» **Exercise requirements**
Produce exactly the lines from the one holding "Galata’da Bir Akşam" through the last line of the data below, with every picture left out.

» **Data for processing**
━━━━━━━━━━
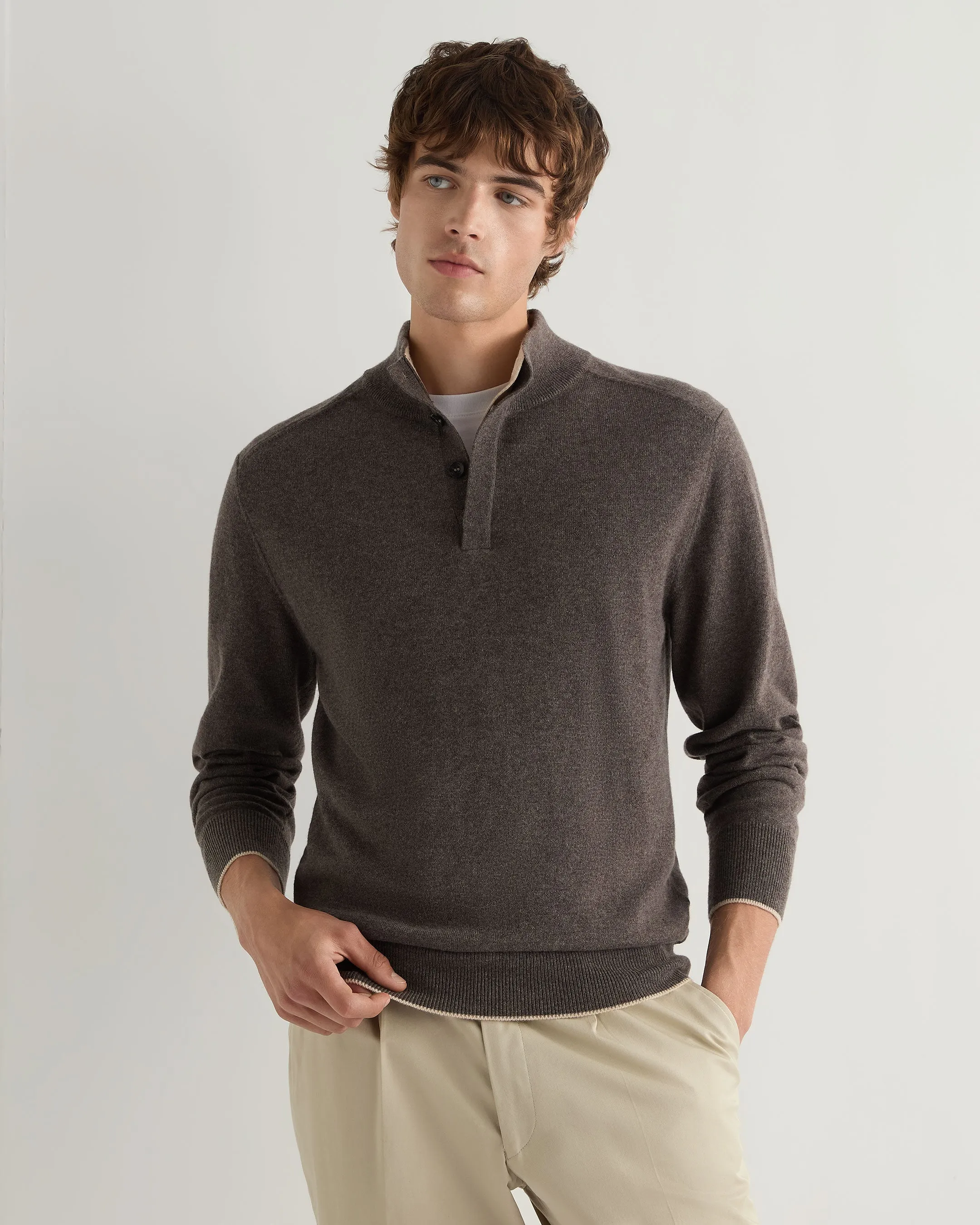 Men's Half Button Cashmere Jumper Biscotti Brown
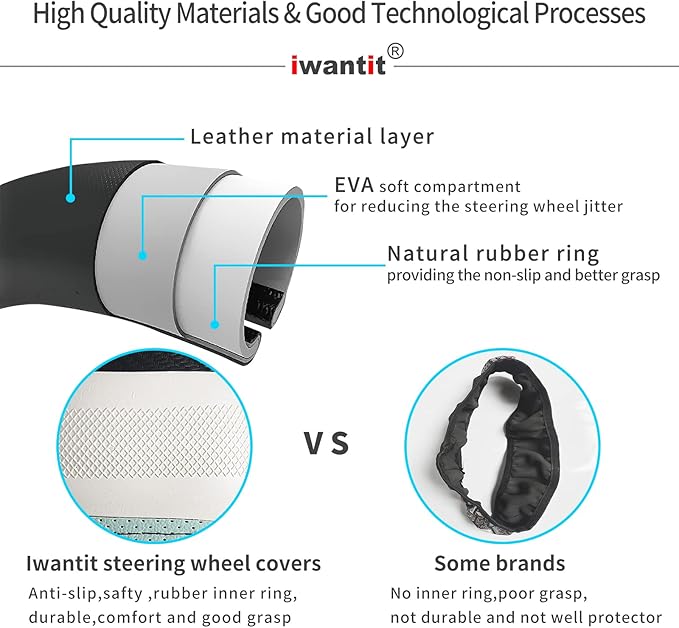 Iwantit® Cute Steering Wheel Cover for Women, Pu Leather with Anti-Slip Rubber Ring, Steering Wheel Protector for Men, Universal Fit 14.5-15 inches for Cars,SUV (Pearl White)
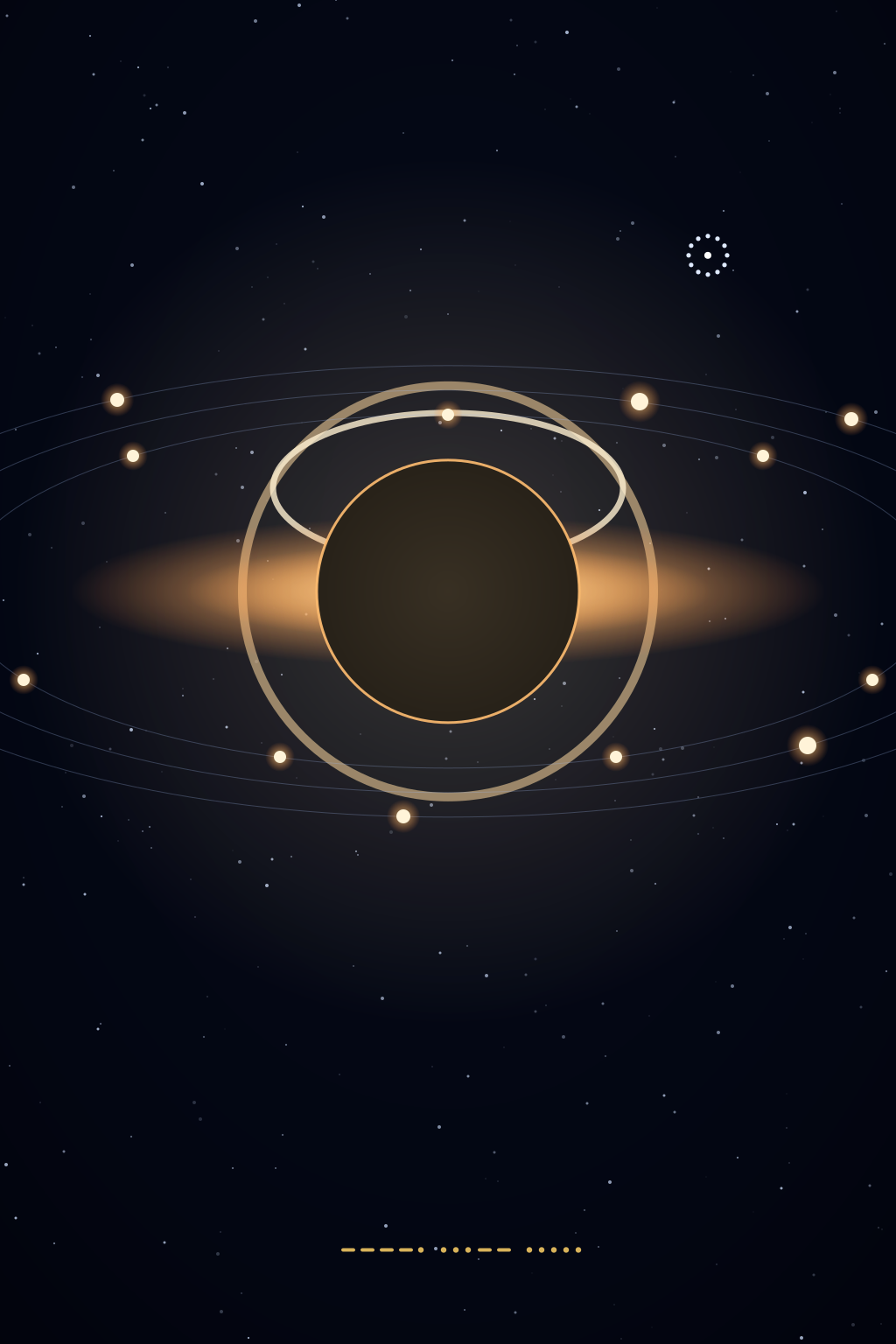 Gargantua: o buraco negro com disco de acreção e lente gravitacional; três órbitas com 9, 3 e 5 pulsos de luz; morse no rodapé
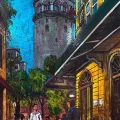 Galata’da Bir Akşam Sohbeti Yağlı Boya Tablosu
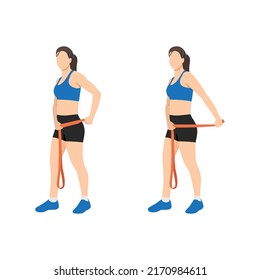 Frauen, die Tricep-Pull mit langen Widerstandsband-Übung. Flache Vektorgrafik einzeln auf weißem Hintergrund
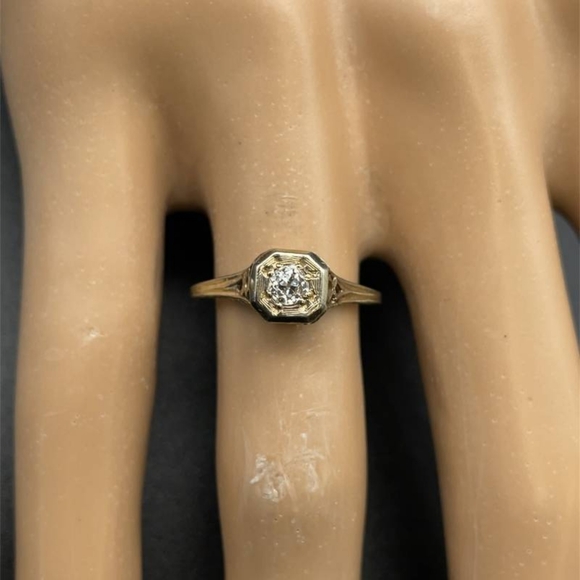 18k white gold geometric diamond ring - Picture 5 of 5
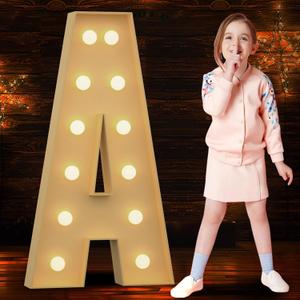 4FT Marquee Light Up Letters, Large DIY Giant Letter A for Baby Shower, Birthday Party Backdrop Decor, Wedding Engagement Party, Pre-Cut Foam Board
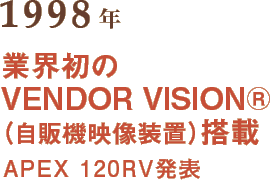 1998年 業界初のVENDOR VISION®（自販機映像装置）搭載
━━━━━━━━━━
» **Written reply**
 Galata’da Bir Akşam Sohbeti Yağlı Boya Tablosu
 Frauen, die Tricep-Pull mit langen Widerstandsband-Übung. Flache Vektorgrafik einzeln auf weißem Hintergrund
 18k white gold geometric diamond ring - Picture 5 of 5
 4FT Marquee Light Up Letters, Large DIY Giant Letter A for Baby Shower, Birthday Party Backdrop Decor, Wedding Engagement Party, Pre-Cut Foam Board
 1998年 業界初のVENDOR VISION®（自販機映像装置）搭載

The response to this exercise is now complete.